A Reader for DLPoly output files.

Use this object as an iterator:

>>> outr = OutputReader("somefile.txt")
>>> for row in outr:
...     print row[5]

The variable row in the example above is a concatenation of all the values that belong to one time frame. (line after line)

Arguments:
f – a filename or a file-like object
Optional arguments:
sub – a slice indicating the frames to be skipped/selected
skip_equi_period – When True, the equilibration period is not read [default=True]
pos_unit, time_unit, angle_unit, e_unit – The conversion factors for the unit conversion from the units in the data file to atomic units. The defaults of these optional arguments correspond to the defaults of dlpoly.
goto_next_frame()

Continue reading until the next frame is reached

molmod.io.fchk – Gaussian Formatted Checkpoint Files

class molmod.io.fchk.FCHKFile(filename, ignore_errors=False, field_labels=None)

Reader for Formatted checkpoint files

After initialization, the data from the file is available in the fields dictionary. Also the following attributes are read from the file: title, command, lot (level of theory) and basis.

Arguments:
filename – The formatted checkpoint file
Optional arguments:
ignore_errors – Try to read incorrectly formatted files without raising exceptions [default=False]
field_labels – When given, only these fields are read from the formatted checkpoint file. (This can save a lot of time.)
get_hessian()

Return the hessian

get_optimization_coordinates()

Return the coordinates of the geometries at each point in the optimization

get_optimization_energies()

Return an array with the energy at each point in the optimization

get_optimization_gradients()

Return the energy gradients of all geometries during an optimization

get_optimization_lowest_index()

Return the index of the lowest energy during the optimization process

get_optimized_energy()

Get the final energy after optimization

get_optimized_gradient()

Return the energy gradient of the optimized geometry

get_optimized_molecule()

Return a molecule object of the optimal geometry

molmod.io.number_state – Custom Formatted Checkpoint Files

class molmod.io.number_state.NumberState(owner, names)

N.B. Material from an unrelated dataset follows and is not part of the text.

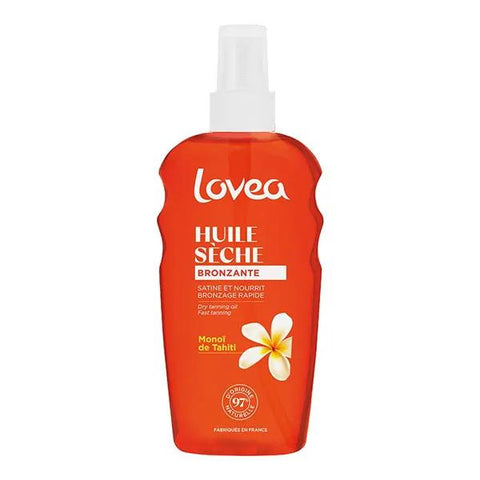 Lovea Sun Dry Oil Monoï de Tahiti SPF30 (150 ml)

Component class for data structures with human-readable persistence.

The format used to save and load the object is similar to a formatted checkpoint file from the Gaussian package. Some additional info is stored such as the shape of an array and the exact data type of the array elements.

The attributes that contain data to be read from or to be written to files are set up in the constructor of the owner class. This is a typical simple example:

>>> class Foo(object):
...     def __init__(self, a, b):
...         self.a = a
...         self.b = b
...         self.state = NumberState(self, ["a", "b"])

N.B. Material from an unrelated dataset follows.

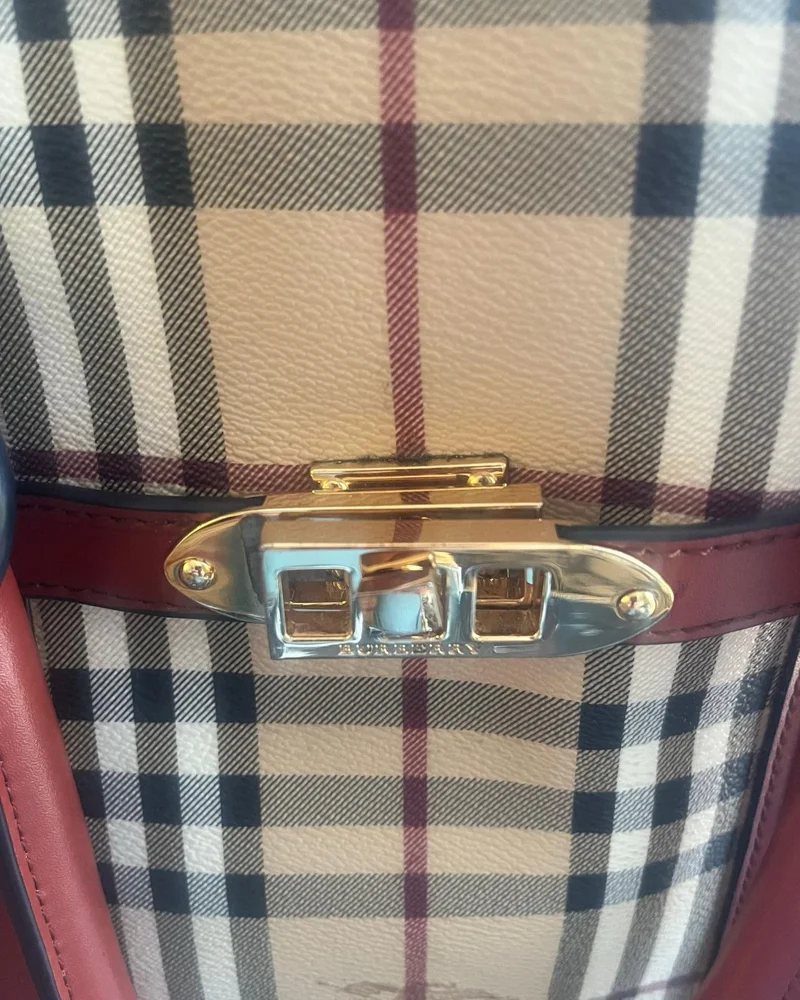 Burberry Shoulder Bag, size Other, photo 4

In this example a is an array and b is a single scalar. One can now read/write these attributes to a file as follows:

>>> foo = Foo(a, b)
>>> foo.state.dump("somefile.txt")
>>> foo.state.load("somefile.txt")
Arguments:
owner – the object whose attributes are dumped and loaded
names – a list of attribute names to dump and load
dump(filename)

Dump the registered fields to a file

Argument:
filename – the file to write to
get(subset=None)

Return a dictionary object with the registered fields and their values

Optional rgument:
subset – a list of names to restrict the number of fields in the result
load(filename, subset=None)

Load data into the registered fields

Argument:
filename – the filename to read from
Optional argument:
subset – a list of field names that are read from the file. If not given, all data is read from the file.
set(new_fields, subset=None)

Assign the registered fields based on a dictionary

Argument:
new_fields – the dictionary with the data to be assigned to the attributes
Optional argument:
subset – a list of names to restrict the fields that are effectively overwritten

molmod.io.gromacs – Gromacs Files

class molmod.io.gromacs.GroReader(f, sub=slice(None, None, None))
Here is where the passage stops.